=== Exercise aim ===
Please write out the final portion of the records below exactly: the line containing "А що якщо Темп", every line after it, and nothing else.

(Scraped caption text data)
----
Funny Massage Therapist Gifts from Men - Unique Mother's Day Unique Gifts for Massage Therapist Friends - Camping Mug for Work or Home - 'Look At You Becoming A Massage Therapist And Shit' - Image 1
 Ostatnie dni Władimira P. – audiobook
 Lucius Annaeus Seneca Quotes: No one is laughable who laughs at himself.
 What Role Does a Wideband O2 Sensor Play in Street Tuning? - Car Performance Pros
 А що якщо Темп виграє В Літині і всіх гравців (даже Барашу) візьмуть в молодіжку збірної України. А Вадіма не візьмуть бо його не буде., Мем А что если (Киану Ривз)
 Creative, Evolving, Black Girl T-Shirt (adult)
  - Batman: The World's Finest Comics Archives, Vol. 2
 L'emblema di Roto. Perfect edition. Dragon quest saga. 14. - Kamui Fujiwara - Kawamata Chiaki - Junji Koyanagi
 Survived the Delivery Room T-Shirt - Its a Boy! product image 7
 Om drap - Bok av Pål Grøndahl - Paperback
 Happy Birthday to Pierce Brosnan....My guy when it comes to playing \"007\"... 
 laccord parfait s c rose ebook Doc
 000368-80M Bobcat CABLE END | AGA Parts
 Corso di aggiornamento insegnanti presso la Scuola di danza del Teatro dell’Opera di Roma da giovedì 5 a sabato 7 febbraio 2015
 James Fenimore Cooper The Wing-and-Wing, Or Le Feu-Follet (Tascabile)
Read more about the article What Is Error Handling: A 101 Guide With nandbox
----
=== Solution to this problem ===
 А що якщо Темп виграє В Літині і всіх гравців (даже Барашу) візьмуть в молодіжку збірної України. А Вадіма не візьмуть бо його не буде., Мем А что если (Киану Ривз)
 Creative, Evolving, Black Girl T-Shirt (adult)
  - Batman: The World's Finest Comics Archives, Vol. 2
 L'emblema di Roto. Perfect edition. Dragon quest saga. 14. - Kamui Fujiwara - Kawamata Chiaki - Junji Koyanagi
 Survived the Delivery Room T-Shirt - Its a Boy! product image 7
 Om drap - Bok av Pål Grøndahl - Paperback
 Happy Birthday to Pierce Brosnan....My guy when it comes to playing \"007\"... 
 laccord parfait s c rose ebook Doc
 000368-80M Bobcat CABLE END | AGA Parts
 Corso di aggiornamento insegnanti presso la Scuola di danza del Teatro dell’Opera di Roma da giovedì 5 a sabato 7 febbraio 2015
 James Fenimore Cooper The Wing-and-Wing, Or Le Feu-Follet (Tascabile)
Read more about the article What Is Error Handling: A 101 Guide With nandbox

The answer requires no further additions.